◆ Instructions for the task: Reproduce each line from the records that holds "Exterior".

[Stored dataset items]
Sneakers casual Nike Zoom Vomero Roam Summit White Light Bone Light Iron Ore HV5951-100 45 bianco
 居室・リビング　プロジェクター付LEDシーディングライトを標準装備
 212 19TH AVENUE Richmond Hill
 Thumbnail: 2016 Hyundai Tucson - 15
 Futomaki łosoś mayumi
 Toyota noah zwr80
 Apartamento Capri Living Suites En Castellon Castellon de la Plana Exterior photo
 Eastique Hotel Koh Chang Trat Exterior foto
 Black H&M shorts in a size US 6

◆ Answer to the exercise:
 Apartamento Capri Living Suites En Castellon Castellon de la Plana Exterior photo
 Eastique Hotel Koh Chang Trat Exterior foto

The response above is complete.